The Caine Prize has published a tribute to Dr Angeline Kamba, former member of the prize’s council, who passed on in September of this year at age 81. Wife to the first black Vice-Chancellor of the University of Zimbabwe, Walter Kamba, Dr Angeline Kamba is known to have played an important role in the success of the very first Caine Prize ceremony in 2000.

Other members of the Caine Prize Council have praised her dedication. Margaret Busby has spoken about how her contribution to “the field of cultural heritage had historic significance and will be remembered.” Wangui wa Goro has praised “her role as a pioneering archivist,” stating that “her passion for literature and books is one which will endure.” Alistair Niven has highlighted how “she did the job with great astuteness and judgement.”
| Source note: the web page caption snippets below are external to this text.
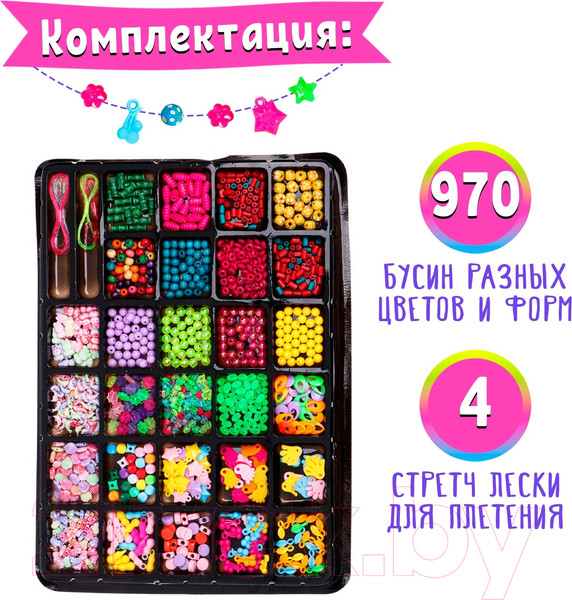 Изображение товара Набор для создания украшений Sima-Land 201-2 / 593633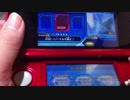 ガンダムトライエイジ30
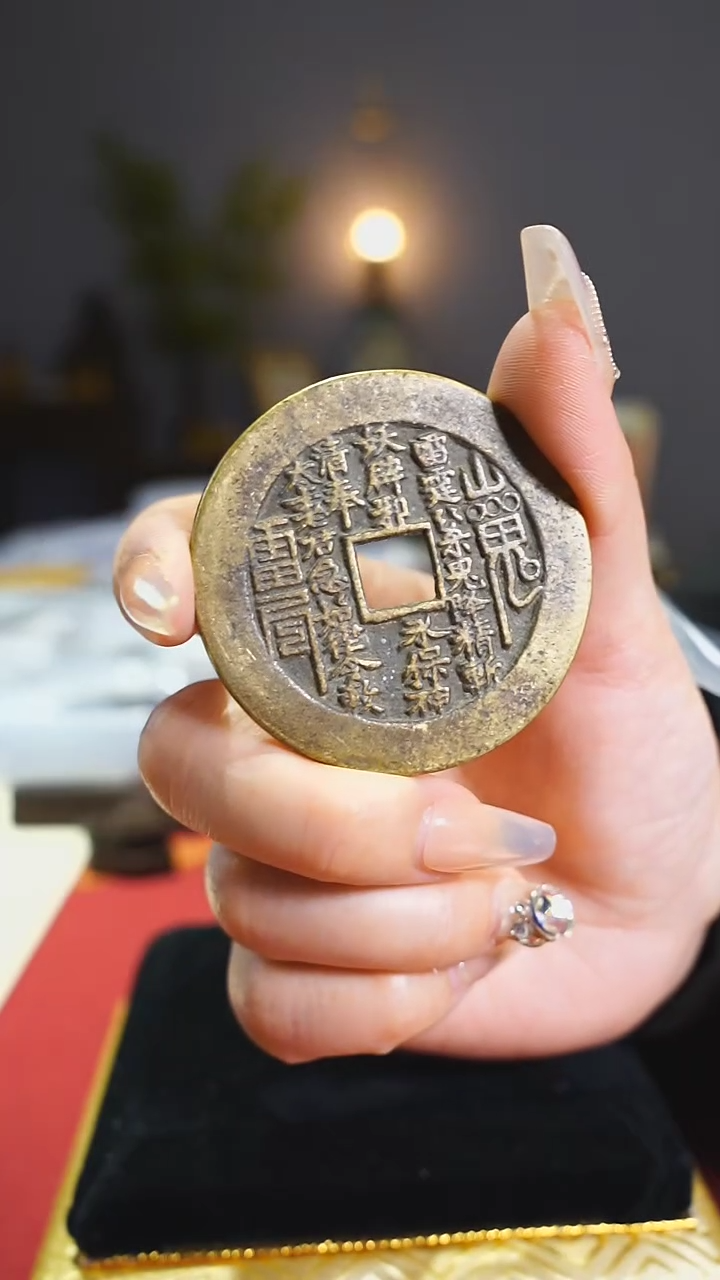 【闪购商品】铜外圆内方山鬼背八卦5.1cm/0791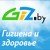 Giz.by
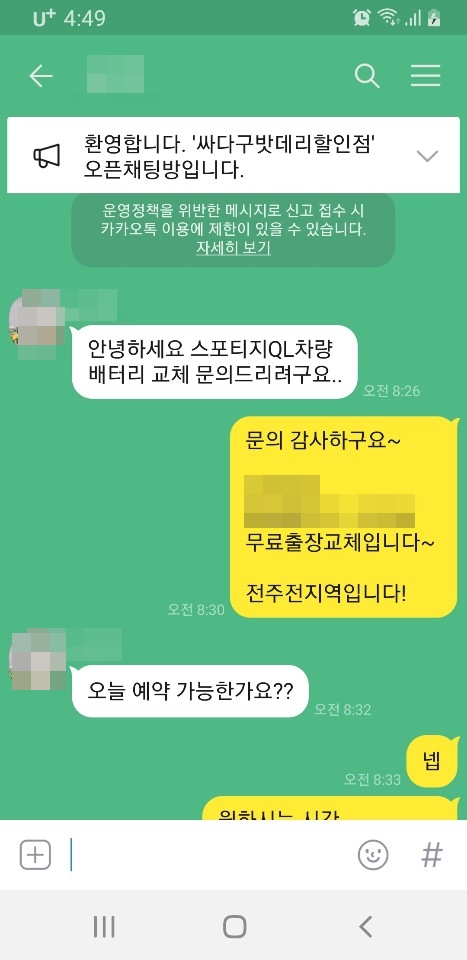 한양밧데리 이미지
Here is an excerpt from the tribute.

Dr. Angeline Kamba, who died on 12 September 2017 at the age of 81, was a member of the Council of the Caine Prize almost from its foundation. She played a key role in the first Caine Prize event held in Africa – the Award Ceremony in Harare, Zimbabwe, in July 2000 – and provided a Caine Prize presence in Zimbabwe thereafter, notably helping with the organisation of the Caine Prize Writers’ Workshop held in Zimbabwe in March 2014.
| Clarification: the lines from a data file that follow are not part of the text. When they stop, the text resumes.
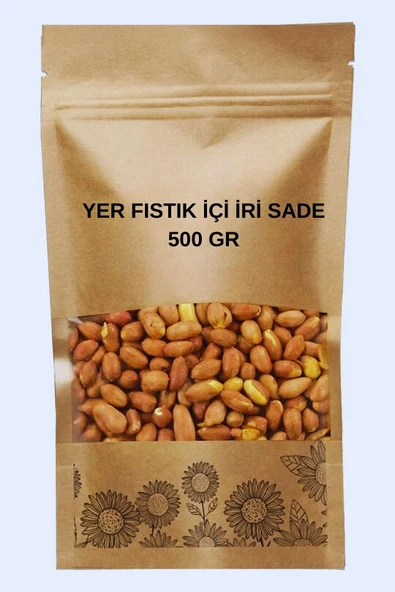 YER FISTIK İÇİ İRİ SADE 500 GR ürün görseli 1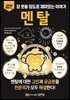 멘탈
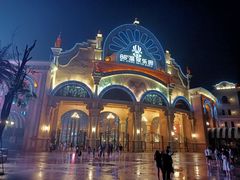 -乐华城·88度温泉乐园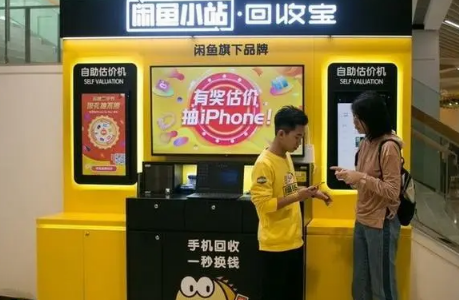 闲鱼代扣为什么扣钱 闲鱼商户代扣安全吗-小麦知识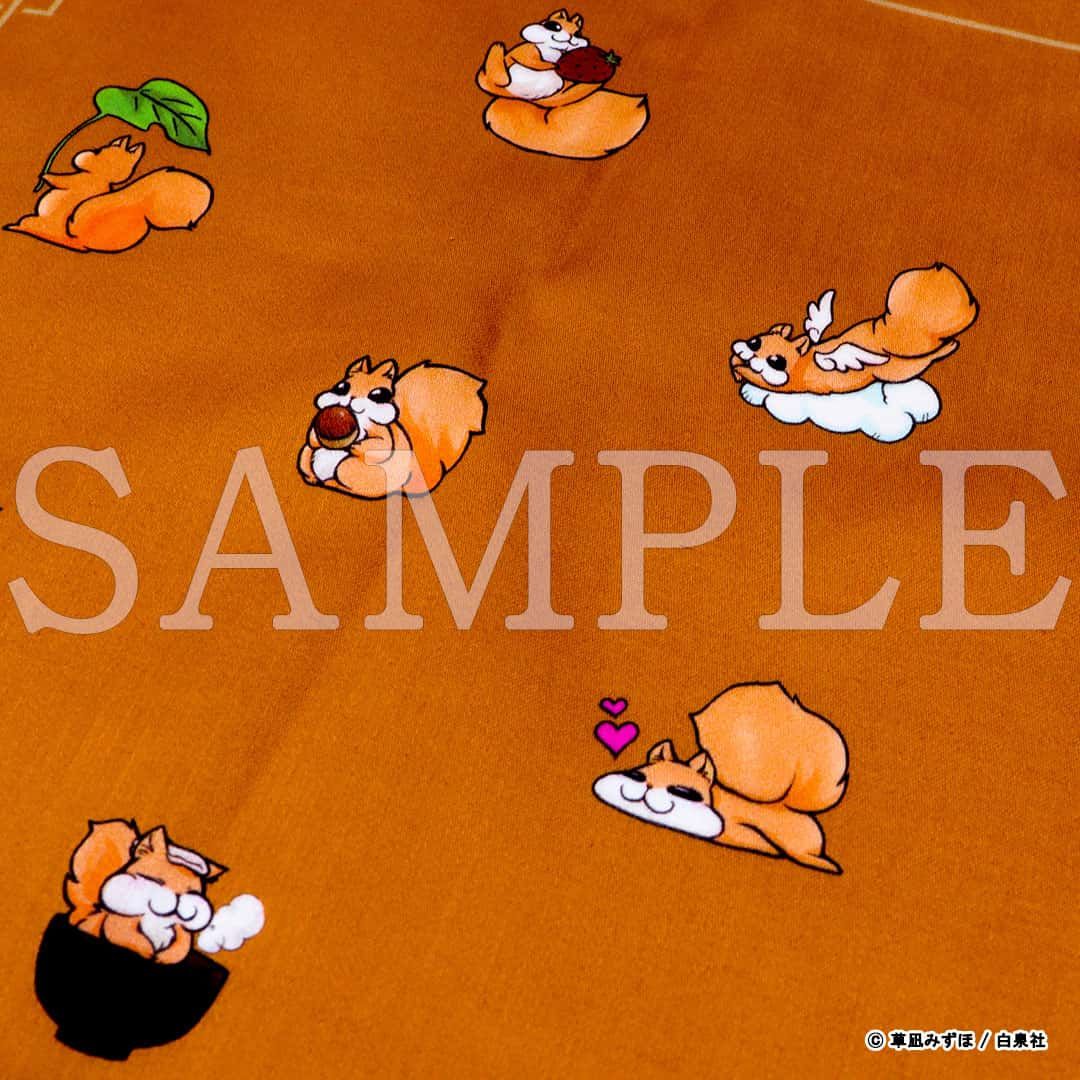 【漫画商店】ハンカチーフ（草凪みずほ/暁のヨナ/プッキュー）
Angeline Kamba was the widow of the first black Vice-Chancellor of the University of Zimbabwe, Walter Kamba. He had previously been Dean of the Faculty of Law at Dundee University and Angeline had been in charge of the Law Library there. On their return to Zimbabwe shortly after Independence, Angeline was asked to take charge of the National Archives as Director. So successful was she at winning the respect and adoration of its initially mistrustful staff that she was then asked to take on the directorship of the Zimbabwe Government’s Manpower Commission, charged with achieving the progressive Africanisation of the Civil Service, a role which she accomplished with persuasive tact, skill and sensibility.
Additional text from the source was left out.